WHAT TO WORK ON ::
Beginning with the line that includes "Buletaka elkartasuna eta" and ending with the last line, print the records exactly, leaving every picture out.

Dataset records
--- START ---

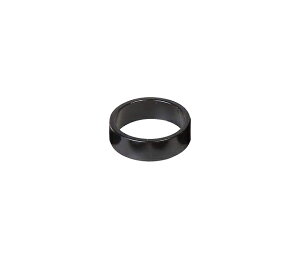 TRI SPORTS TNi 2600846 A~nCRXy[T[ 15mm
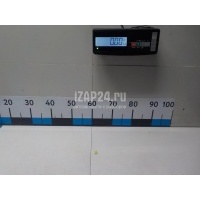 Предохранитель BMW 3-serie E90/E91 (2005 - 2012) 61136942071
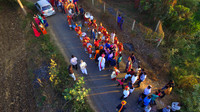 DJI_0020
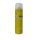 Falcon 530 Kontaktreiniger Spray 550ml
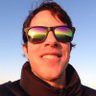 Andre Vitorio's profile picture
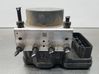 ABS Pump 8954112E30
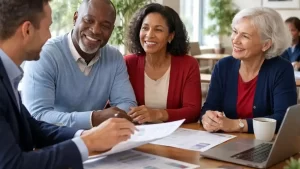 best Medicare Part D prescription drug plans in 2026 New Jersey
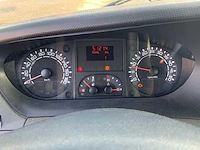 Iveco auto hoogwerker - afbeelding 3 van  15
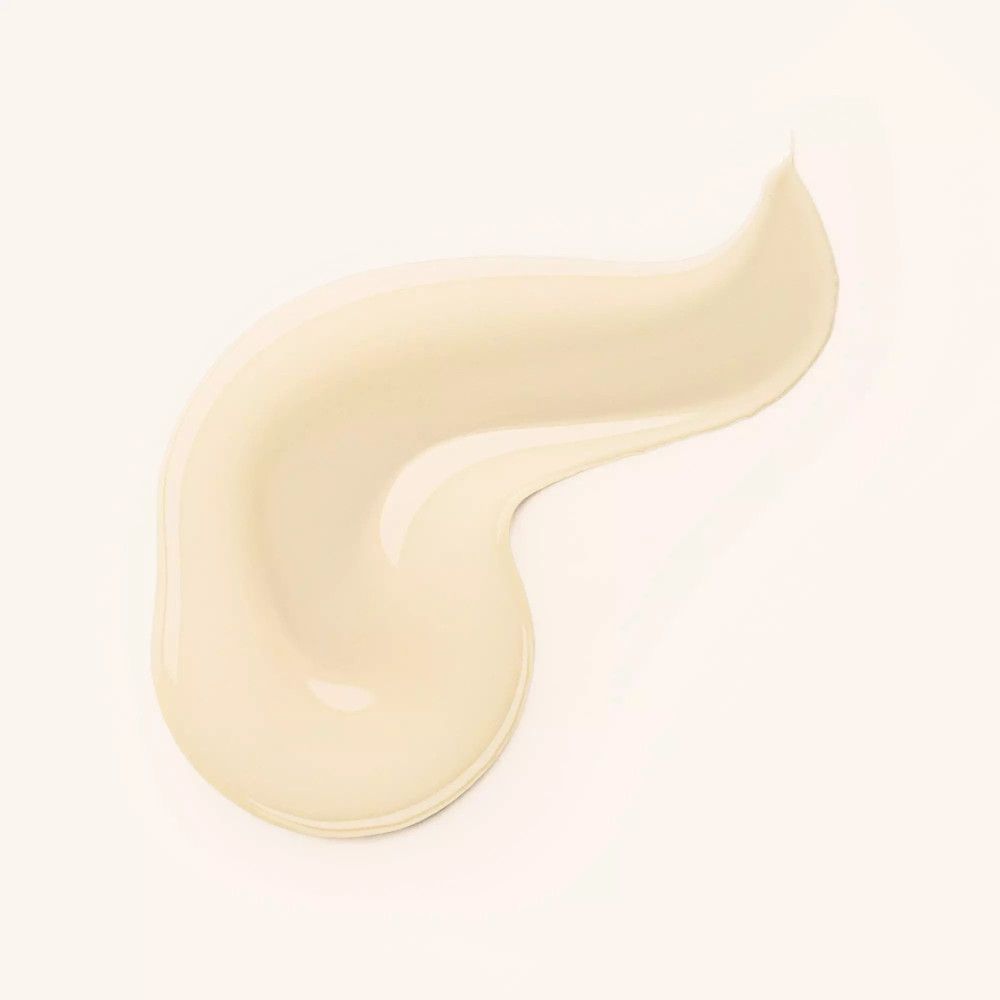 Catrice - Sérum Contour des Yeux Caffeine Kick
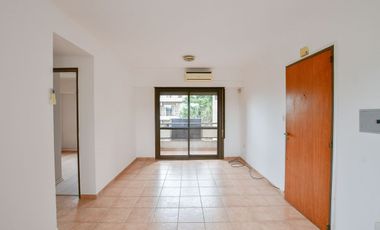 DEPARTAMENTO EN VENTA UN DORMITORIO LA PLATA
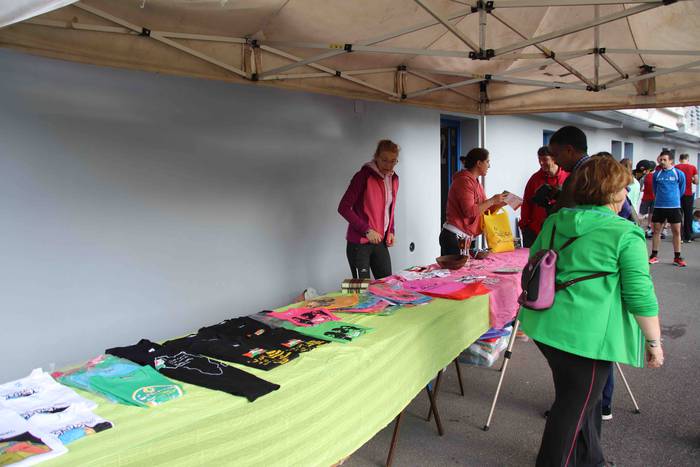 Buletaka elkartasuna eta kir 22 1557651068267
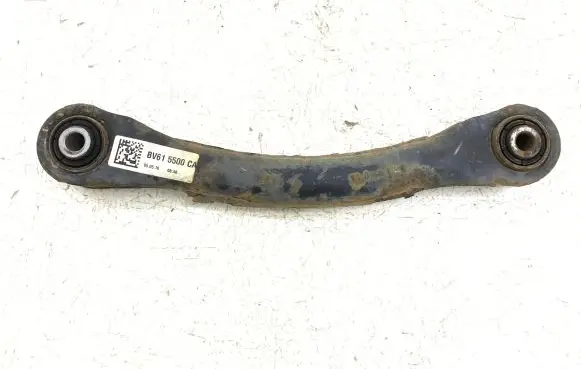 Ford Escape III Rear traction arm rod BV615500 BV615500CA GM5FA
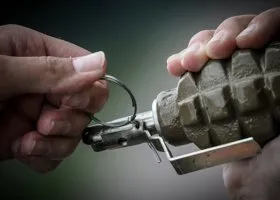 Фотография из галереи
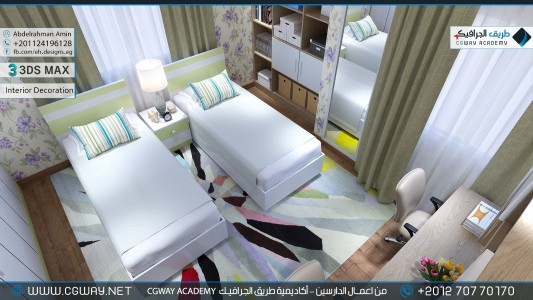 timthumb.php?src=https%3A%2F%2Fnew.cgway.net%2Fwp content%2Fgallery%2F3dsmax interior%2Fcgway learners work aa interior 0284 اعمال الدارسين في الاكاديمية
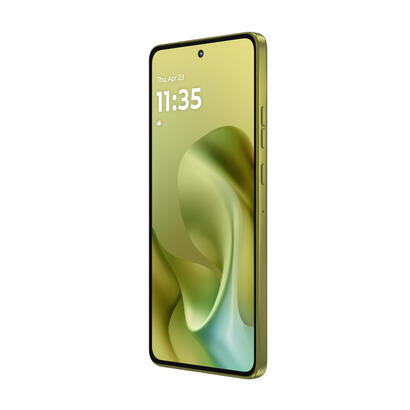 smartphone-motorola-moto-g86-5g-12256-gb-pantone-golden-cypress-verde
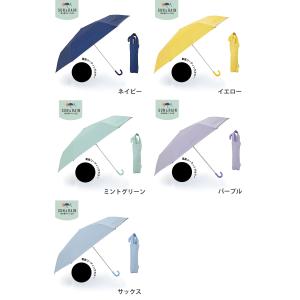 折りたたみ 子ども 日傘 キッズ パラソル 晴...の詳細画像3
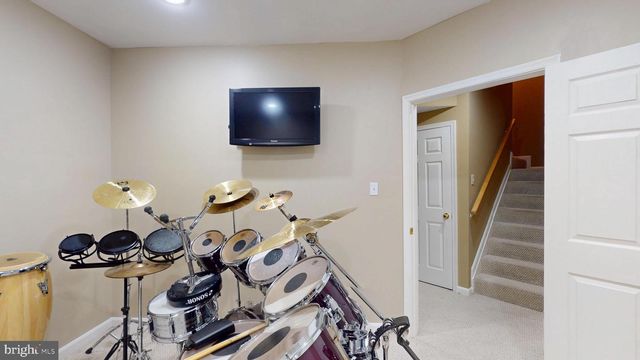 5401 RICHARDSONS ENDEAVOR DR, Bowie, MD 20720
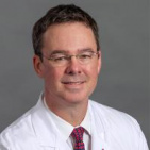 Image of Dr. James Wallace Eubanks III, MD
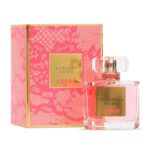 Victoria's Secret Crush Perfume For Women EDP 100ml - Image 2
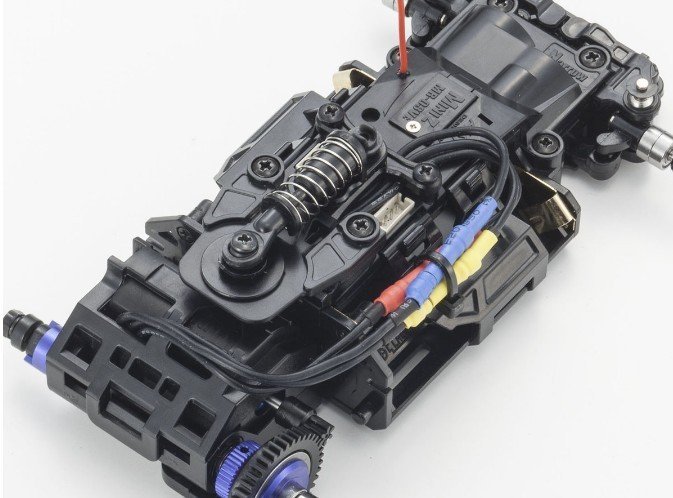 MR-03VE PRO GP Limited 新品未開封 160810_0020.jpg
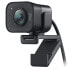 Фото #1 товара Logitech StreamCam - schwarz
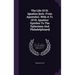The Life Of St. Ignatius [extr. From Apostolici. With A Tr. Of St. Ignatius' Epistles To The Ephesians And Philadelphians]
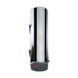Водонагрівач WILLER IV50DR-Brig Mirror IV50DR-Brig Mirror фото 5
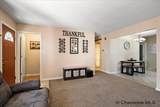 3603 Storey Blvd - Photo 9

--- END ---

SOLUTION FOR THIS EXERCISE ::
 Buletaka elkartasuna eta kir 22 1557651068267
 Ford Escape III Rear traction arm rod BV615500 BV615500CA GM5FA
 Фотография из галереи
 timthumb.php?src=https%3A%2F%2Fnew.cgway.net%2Fwp content%2Fgallery%2F3dsmax interior%2Fcgway learners work aa interior 0284 اعمال الدارسين في الاكاديمية
 smartphone-motorola-moto-g86-5g-12256-gb-pantone-golden-cypress-verde
 折りたたみ 子ども 日傘 キッズ パラソル 晴...の詳細画像3
 5401 RICHARDSONS ENDEAVOR DR, Bowie, MD 20720
 Image of Dr. James Wallace Eubanks III, MD
 Victoria's Secret Crush Perfume For Women EDP 100ml - Image 2
 MR-03VE PRO GP Limited 新品未開封 160810_0020.jpg
 Фото #1 товара Logitech StreamCam - schwarz
The Life Of St. Ignatius [extr. From Apostolici. With A Tr. Of St. Ignatius' Epistles To The Ephesians And Philadelphians]
Водонагрівач WILLER IV50DR-Brig Mirror IV50DR-Brig Mirror фото 5
 3603 Storey Blvd - Photo 9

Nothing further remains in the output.